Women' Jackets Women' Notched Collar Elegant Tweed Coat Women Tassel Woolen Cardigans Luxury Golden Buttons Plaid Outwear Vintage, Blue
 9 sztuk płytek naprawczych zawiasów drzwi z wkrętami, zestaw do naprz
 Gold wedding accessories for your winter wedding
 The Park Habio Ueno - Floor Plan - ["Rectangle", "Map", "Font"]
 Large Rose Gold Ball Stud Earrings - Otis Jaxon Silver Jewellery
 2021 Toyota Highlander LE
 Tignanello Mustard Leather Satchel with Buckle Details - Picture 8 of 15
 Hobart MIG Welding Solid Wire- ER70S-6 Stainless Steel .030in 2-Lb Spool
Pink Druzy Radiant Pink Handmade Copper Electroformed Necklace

───

### Task description
Using the records above, write out exactly the lines from the one containing "Hobart MIG Welding" through the last, and add nothing.

### Answer
 Hobart MIG Welding Solid Wire- ER70S-6 Stainless Steel .030in 2-Lb Spool
Pink Druzy Radiant Pink Handmade Copper Electroformed Necklace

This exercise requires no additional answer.